DATA:
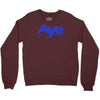 vote aye for scotland scottish yes independence Crewneck Sweatshirt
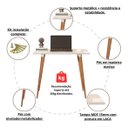 Ver imagem 4 de Mesa Escritório Escrivaninha Mesinha Computador Estudo Retrô
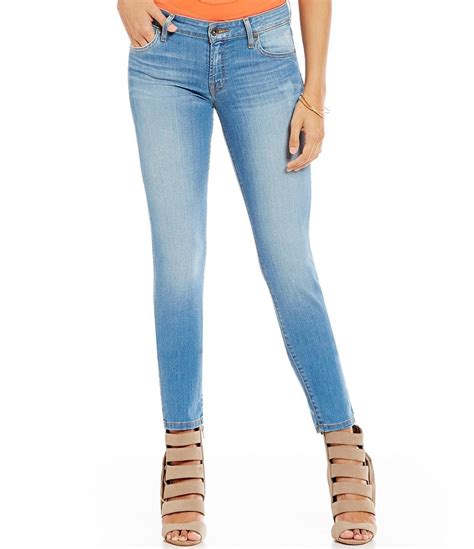 Guess Mid Rise Power Curvy Skinny Jeans Dillards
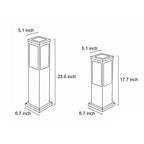 Mainstays Bollard Pathway Light Industrial Solar Waterproof Light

TO DO: Beginning with the line that contains "Guess Mid Rise" in the data above, please copy each line exactly until the last line, both ends included, skipping any pictures.

RESPONSE AREA:
 Guess Mid Rise Power Curvy Skinny Jeans Dillards
 Mainstays Bollard Pathway Light Industrial Solar Waterproof Light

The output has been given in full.